My brother’s life had a very tragic ending. He was fifty-three when he died in the veteran’s hospital. I watched him suffer in a life that offered him no relief from the paranoia. He came home from Vietnam with glassy, angry eyes, and a hard bitter mouth. He was too quiet, too observant, and even though we didn’t know at the time, he was suffering from shock. The military sent him back for a second tour. He walked point again with his pistol and a knife. He hid in canals with leeches sucking the blood out of his veins; he cut throats and shot the enemy. When he got home after that tour he rarely put his knife down. He snapped the blade in and out constantly; he threw it long distances hitting targets with amazing accuracy. He could move around the house like a ghost, and hinted he could slip in and out of any building he wanted. I was just a little girl trying to start school and he terrified me. My heart would pound, and I could barely breathe when he came into the room. He never hurt me, but I was afraid he would accidently do something terrible. I loved him desperately, and my heart was broken. The brother I knew was completely gone, and I would have given my life to see him get well. Gradually, we adjusted to the problems he caused us. Slowly, we became a little bit like him so we could comprehend what he was putting us through. Several years later we were forced to remove him from our lives. We drove him out to highway 81, and my mother opened the door for him. An empty feeling crept into my heart that night; it was almost as if she had abandoned me on the side of the road. It was many years before we ever saw him again. The lessons my brother taught me: his view of the government, and the American cover up of the Vietnam catastrophe are components that predetermined my outlook and explain my unwillingness to trust authority, or accept the surface motives of any individual, or organization.

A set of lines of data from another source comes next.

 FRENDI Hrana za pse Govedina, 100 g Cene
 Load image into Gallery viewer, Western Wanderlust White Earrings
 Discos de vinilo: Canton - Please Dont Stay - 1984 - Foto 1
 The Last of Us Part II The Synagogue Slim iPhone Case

He is another dimension of me; the side of me that weeps hysterically. He lived in complete dependence on drugs, alcohol, and street wise wisdom. The tragedy we were learning to accept was that we were losing a man who should have become a great writer or teacher. His IQ was extremely high and he used to love to show off his knowledge and skill. But when he came back from Vietnam his vanity and personal style had disappeared. He taught me to be wary of people who were concerned about the way they looked in the mirror. He hated materialism, advertising, capitalism, and superficiality. He preached his ideas to me, his small captive audience. Too afraid to run from him, I started to listen. He was passionate in his beliefs. He could tell you the names of the arms makers and who the corrupt politicians were. He believed The United States of America was becoming a mutant fascist state. Our president was nothing but a puppet, and the authentic power rested in the hands of an elite secret group. He hated the middle class most of all. Not what we now label as middle class; he meant the nouveau-riche, the greedy, the white trash. I find myself influenced by his ideas even now when I occasionally read about a business person, or politician, that has risen to power barely competent enough to string two words together. I see the person as he does: snot-faced, dirty, greedy, ignorant and toothless with grimy fingers clutching a buck.

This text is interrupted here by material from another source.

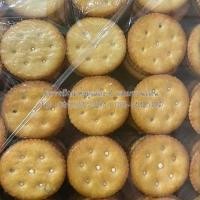 ราคา *ขนมปี๊บแบ่งขาย* ขนมปี๊บไวโอเลตครีมนมข้นหวาน ไวโอเลต สอดไส้ไส้เต็มคำขนาด 250g 500g และ 1000 กรัม ใส่ถุงซิปล็อกซีลอย่างดี (24313164916)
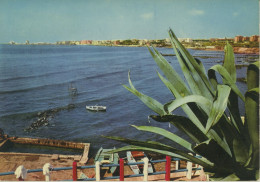 CIVITAVECCHIA -ROMA -PANORAMA-VIAGGIATA - Civitavecchia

He also warned me about drugs, forgetting that small children learn by example. I knew all about substance abuse by the time I was ten. It was the early 70’s and we listened to “The Doors,” and “Deep Purple.” His friends carried guns, syringes, and wads of cash rolled up neat in their front pockets. The hopelessness of needle addiction broke my heart. I knew who the junkie was; what they were; and why they were. I witnessed the terrible lie the needle told my brother and his friends. My soul ached with terror and pity; I just knew I would come home from school and find my brother dead in the house. We took a trip to Houston to the methadone clinic. We picked one junkie up, hoping to drop off another. My brother would not get out of the car.

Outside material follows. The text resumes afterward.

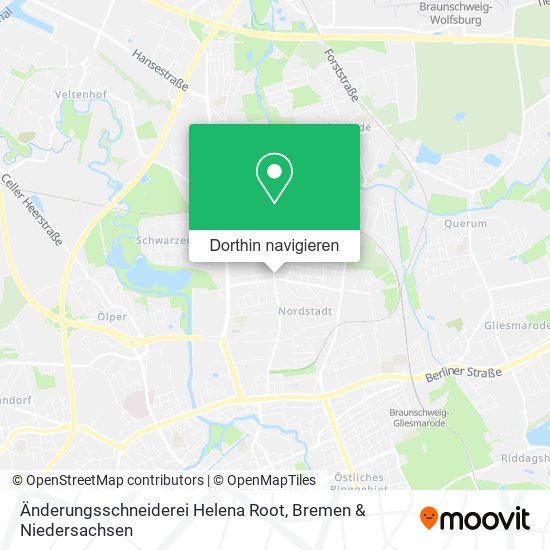 Änderungsschneiderei Helena Root Karte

And now I walk quietly past the corporate world and watch it from the corners of my eyes. Unlike my brother, I really have no aversion to money or material wealth; I just don’t want to acquire anything the way that they do. They are so cold, heartless, and numerical. Their tall buildings jut into the sky like shafts of ice, filled with people involved in mechanical paper sorting activity, looking for ways to compete, profit, and cheat. If he was wrong about anything, it was not about them. I dipped my toe into their glassy, incandescent pool just to see for myself; but the water was too toxic, too chilled, and I walked softly on hoping they never really noticed me. But for a long time after that experience I could hear my brother’s blade snapping, click click, behind me. I ran harder, and harder, until it stopped.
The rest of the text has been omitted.